In a standout episode of The Daily Mastermind, host George Wright III shares a powerful audio from one of his mentors, Wayne Dyer. The episode opens with a quote from Willie Sutton: "Don't serve time, make time serve you." That framing sets the tone for everything that follows. Your time, your life, and your sense of self do not have to be controlled by the expectations and judgments of others.
George introduces Wayne Dyer as someone gifted at communicating difficult truths in an accessible way. The core message he wanted to share: stop worrying about what everyone else thinks, and start marching to the beat of your own drum. What follows is one of the most honest and practical breakdowns of what it actually means to live free of other people's approval.
What Abraham Maslow Said About Self-Actualizers
Wayne Dyer draws on the work of his earliest teacher, Abraham Maslow, who studied highly functioning people he called self-actualizers. Maslow identified three qualities that separated these people from ordinary human awareness.
First, self-actualizers are independent of the good opinion of other people. They do not need external validation to move forward. Second, they are detached from outcome. They do what they do because their heart tells them it is their mission, not because they expect a reward. Third, they have no investment in power or control over others. Their life is about being on purpose, not dominating those around them.
He said the first thing is that these people are independent of the good opinion of other people. And as I studied these great contributors, I found that every single one of them sort of marched to their own drummer, the music that they heard.
These three qualities are not just ideals. They are markers of authentic living. When you encounter someone heavily invested in controlling others, attached to outcomes, or dependent on external approval, you are not encountering someone operating at their highest level.
Why Most People Hand Over Their Power Without Realizing It
The episode uses a striking example: the Heaven's Gate tragedy. Those individuals violated all three of Maslow's principles. They lived for a charismatic leader's opinion, were completely attached to the promise of a better outcome, and submitted entirely to someone else's power and control.
You do not have to be in a cult to recognize this pattern in your own life. Every time you change a decision because you fear criticism, every time you hold back because you worry how it will look, you are handing your power to someone else. The mechanism is the same; only the scale differs.
How Wayne Dyer Handled His Critics
Dyer shares a candid story from his time as a regular guest on The Tonight Show in the late 1970s and early 1980s. After each appearance, he would come home to five or six hundred letters from people criticizing what he said and how he said it. Despite writing a book about not seeking approval, he found himself wanting to defend himself to every critic.
His solution came from discovering a letter written by H.L. Mencken, a satirist from the early part of the twentieth century.

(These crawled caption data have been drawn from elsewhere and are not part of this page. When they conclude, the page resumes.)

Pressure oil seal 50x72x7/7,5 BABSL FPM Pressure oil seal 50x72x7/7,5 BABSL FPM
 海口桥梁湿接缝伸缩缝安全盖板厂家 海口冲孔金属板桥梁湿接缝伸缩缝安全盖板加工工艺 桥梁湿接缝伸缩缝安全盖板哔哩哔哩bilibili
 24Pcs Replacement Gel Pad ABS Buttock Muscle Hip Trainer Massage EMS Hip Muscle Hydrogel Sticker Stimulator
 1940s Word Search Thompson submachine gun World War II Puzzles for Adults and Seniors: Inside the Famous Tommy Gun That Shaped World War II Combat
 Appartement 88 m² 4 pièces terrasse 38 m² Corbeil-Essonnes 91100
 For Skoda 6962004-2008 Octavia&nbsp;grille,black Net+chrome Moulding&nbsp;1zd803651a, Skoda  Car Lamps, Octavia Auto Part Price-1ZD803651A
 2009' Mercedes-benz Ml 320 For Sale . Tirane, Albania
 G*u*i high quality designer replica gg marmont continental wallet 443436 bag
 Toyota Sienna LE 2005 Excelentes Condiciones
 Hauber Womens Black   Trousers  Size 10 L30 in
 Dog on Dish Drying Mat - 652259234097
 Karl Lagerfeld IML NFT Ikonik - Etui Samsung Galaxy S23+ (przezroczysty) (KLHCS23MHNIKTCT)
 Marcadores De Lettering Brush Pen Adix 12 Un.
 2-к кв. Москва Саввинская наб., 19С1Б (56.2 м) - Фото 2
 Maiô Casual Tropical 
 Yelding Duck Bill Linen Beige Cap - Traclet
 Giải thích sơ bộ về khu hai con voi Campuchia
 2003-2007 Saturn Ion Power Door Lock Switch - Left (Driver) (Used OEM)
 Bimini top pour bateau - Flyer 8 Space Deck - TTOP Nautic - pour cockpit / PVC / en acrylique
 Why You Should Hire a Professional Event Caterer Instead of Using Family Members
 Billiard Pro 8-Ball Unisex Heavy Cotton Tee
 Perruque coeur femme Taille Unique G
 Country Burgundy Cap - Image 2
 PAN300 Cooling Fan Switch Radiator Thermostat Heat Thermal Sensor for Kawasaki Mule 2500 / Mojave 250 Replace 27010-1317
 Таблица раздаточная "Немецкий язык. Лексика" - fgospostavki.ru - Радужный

Mencken had composed a single, pre-written response to critical mail:
I am sitting here in the smallest room in my house. With your letter of criticism before me. Soon it will be behind me.
Dyer had five thousand copies made and mailed them to his critics. He tells the story with humor, noting that he is "far too spiritual today" to do such a thing. But the point stands: finding a way to stop absorbing every critical opinion, however imperfect, is part of the path toward independence.
What It Looks Like to Practice Independence
Dyer describes telling Maslow at age 27 that he was going to become independent of the good opinion of others. Maslow gave him a strange look. And immediately, Dyer started worrying about what that look meant and whether it would affect his grade.
And he gave me this strange look. And I immediately worried about what that look meant.
That moment captures the whole challenge. The instinct to seek approval is deep and fast. It fires before you have time to think about it. The practice of independence is not a single decision. It is a daily habit of noticing when you are living for someone else's reaction and choosing differently.
Why Living for Others' Opinions Costs You More Than You Think
When your choices are filtered through what others will think, you are not making your own choices. You are outsourcing your life. The goals you pursue, the words you say, the actions you take, all of it gets shaped by a fear of judgment rather than a genuine sense of purpose.
George opens the episode by noting that The Daily Mastermind exists to help you get the best version of your life moving forward. That is only possible when you stop letting external opinions serve as the final word on who you are and what you are capable of.
Action Steps
- Notice the next time you hesitate on a decision because you are afraid of what someone else will think. Pause and ask whether that person's opinion actually matters to your mission.
- Practice detachment from outcome in one area of your life. Do the work because it matters to you, not because of what you expect to receive.
- When you get criticism, ask whether it contains useful information. If it does, keep that part. If it is just noise, let it pass.
- Identify one relationship or situation where someone else's need for control is shaping your behavior. Decide how much weight you want to give that going forward.
- Return to Maslow's three qualities regularly: independence from others' opinions, detachment from outcome, no investment in power over others. Use them as a personal benchmark.
You were built for more than a life spent managing other people's perceptions. The work of becoming independent from others' opinions is some of the most important inner work you can do. It is never too late to start living the life you were meant to live.